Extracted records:
======
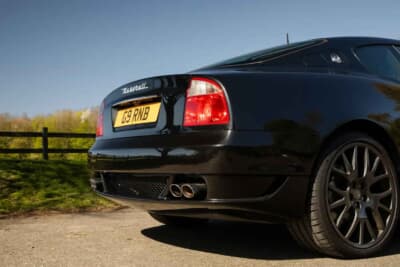 1万3500英ポンド(邦貨換算約268万円)で落札されたマセラティ「4200GT」(C)iconicauctioneers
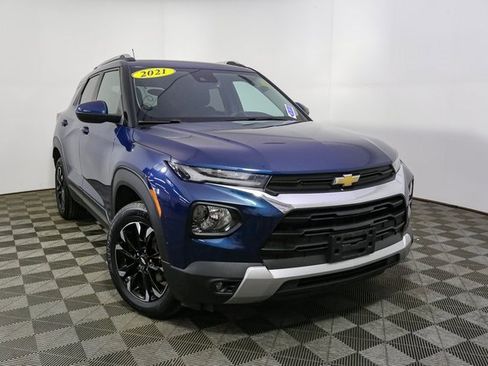 Used 2021 Chevrolet TrailBlazer LT w/ Convenience Package image 3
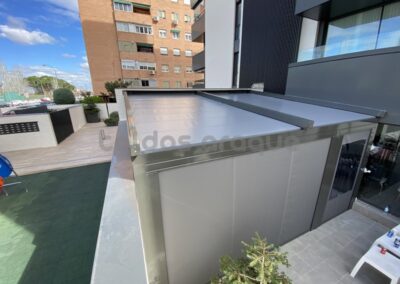 TOLDO CORTAVIENTOS COFRE MADRID PERGORAIN MADRID 2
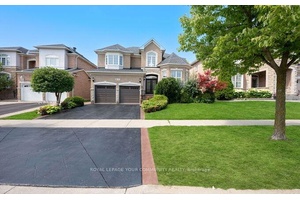 Welcome to 40 Barberry Cres.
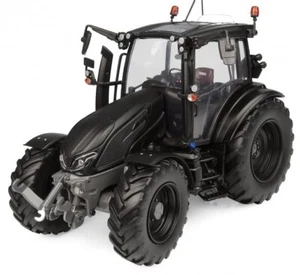 UNIVERSAL HOBBIES - Tracteur de couleur noir mat limité à 1000 pièces – VALTR... - Picture 1 of 5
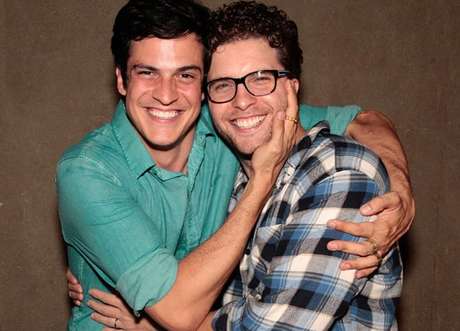 Mateus Solano e Thiago Fragoso se abraçam ao fim da novela Mateus Solano e Thiago Fragoso se abraçam ao fim da novela
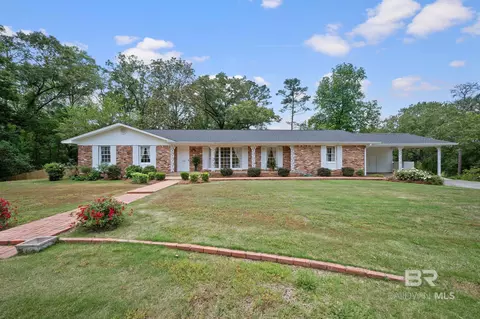 155 Hillcrest Dr, Monroeville, AL 36460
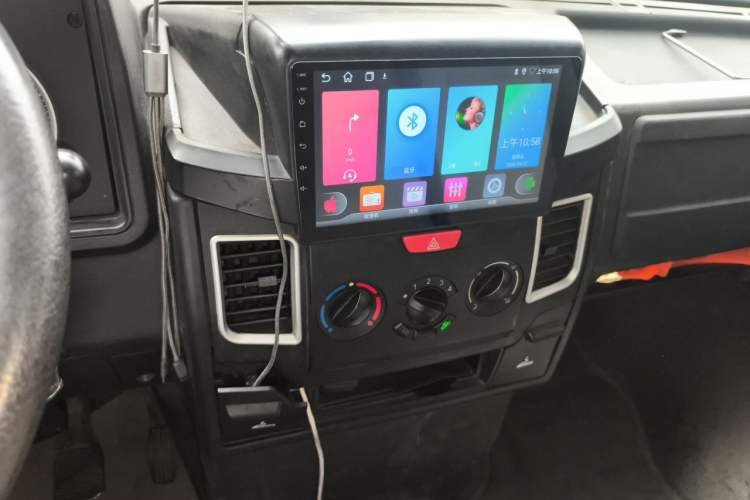 Used Iveco Daily 2017 2.5T A35 Passenger Van 5-7 Seats Model 47Z5 Audio And AC Panel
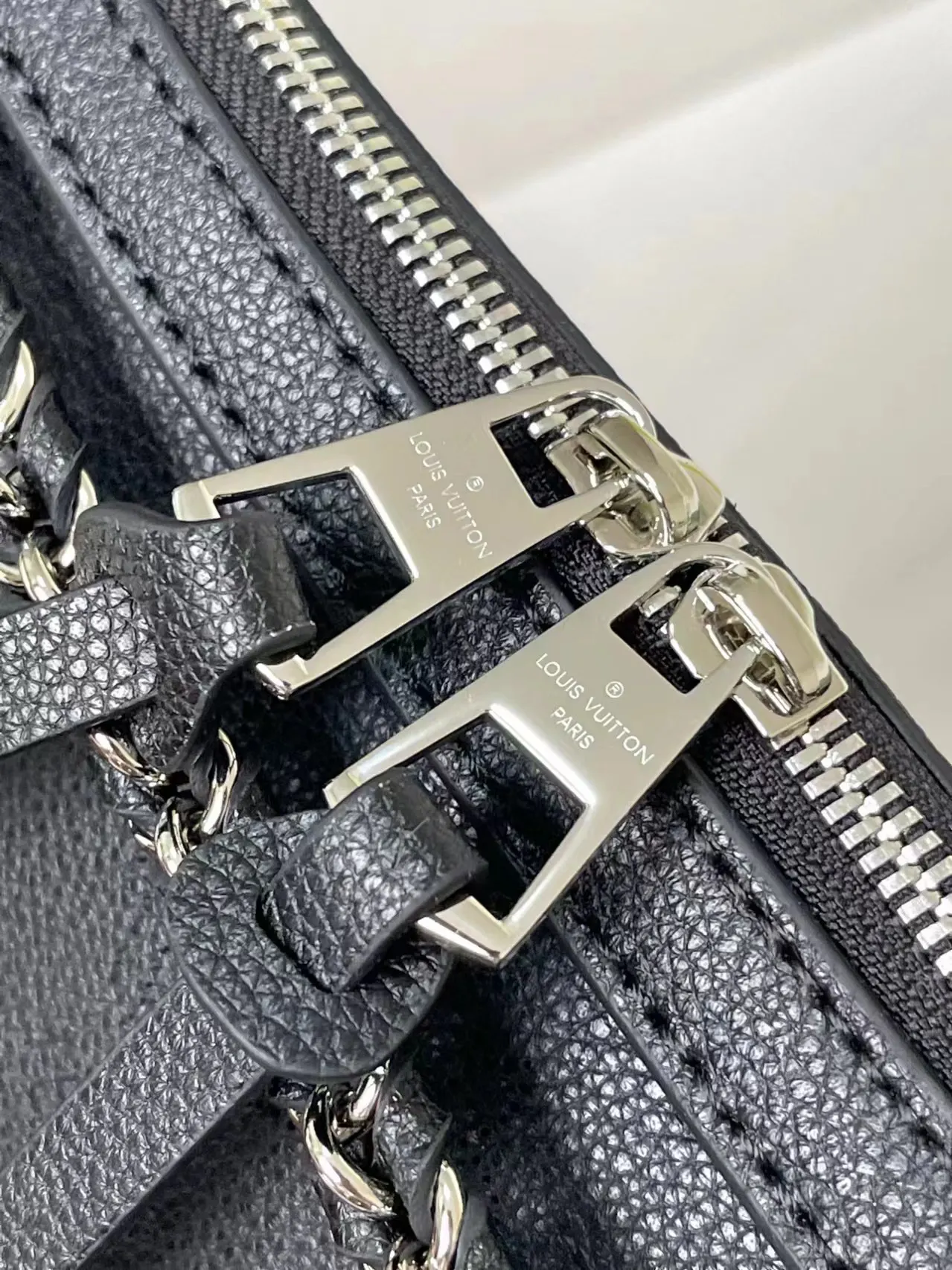 Chain Bag Leather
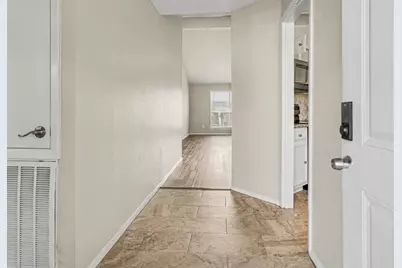 1826 Pilgrims Point Drive, Friendswood, TX 77546 - Photo 17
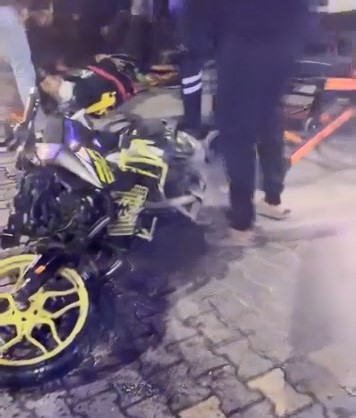 motosikletle otomobilin carpisma anlari kameralara yansidi 1i agir 2 yarali 2 Q4ZVv4YA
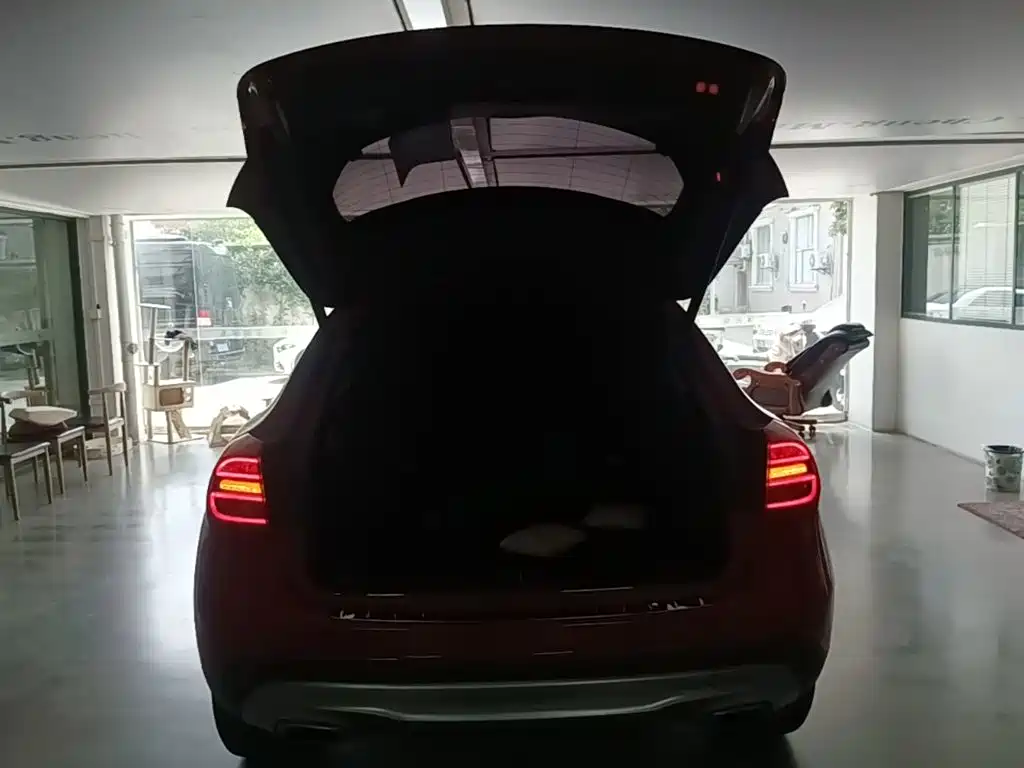 Mercedes-Benz GLA 2016 — фото 19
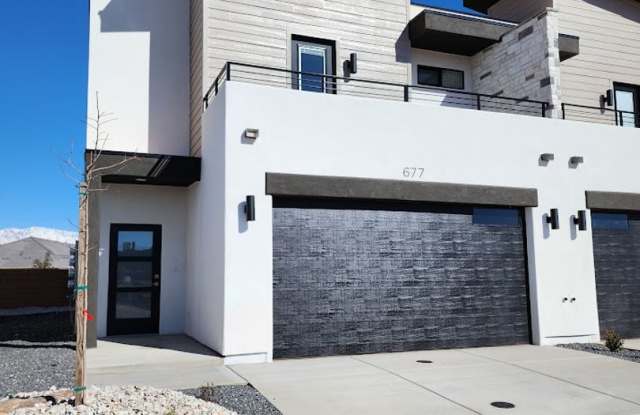 Newer Three Bedroom Town Home-Crimson Park photos photos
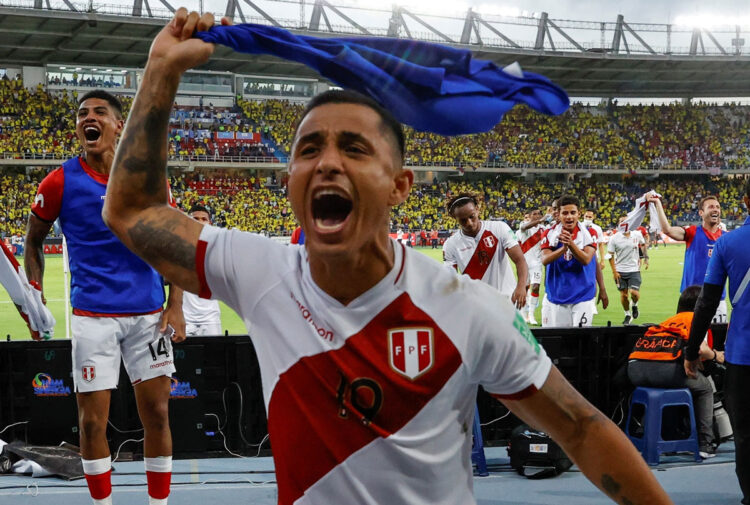 Perú patea la eliminatoria sudamericana y pone a Colombia lejos de Qatar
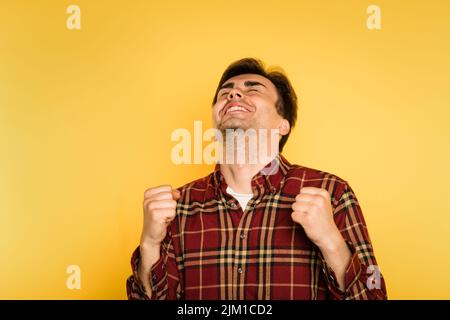 Ekstatisch entzückte Mann feiert Erfolg Emotion Stockfoto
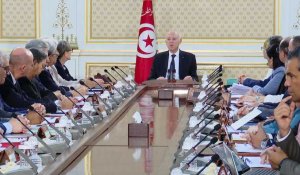 Tunisie: Une nouvelle loi électorale réduit le rôle des partis politiques au Parlement.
======
_ASSIGNED TASK_
Give again, word for word, the lines above from the first one through the one containing "Welcome to 40 Barberry Cres."; no pictures.

_EXPECTED ANSWER_
 1万3500英ポンド(邦貨換算約268万円)で落札されたマセラティ「4200GT」(C)iconicauctioneers
 Used 2021 Chevrolet TrailBlazer LT w/ Convenience Package image 3
 TOLDO CORTAVIENTOS COFRE MADRID PERGORAIN MADRID 2
 Welcome to 40 Barberry Cres.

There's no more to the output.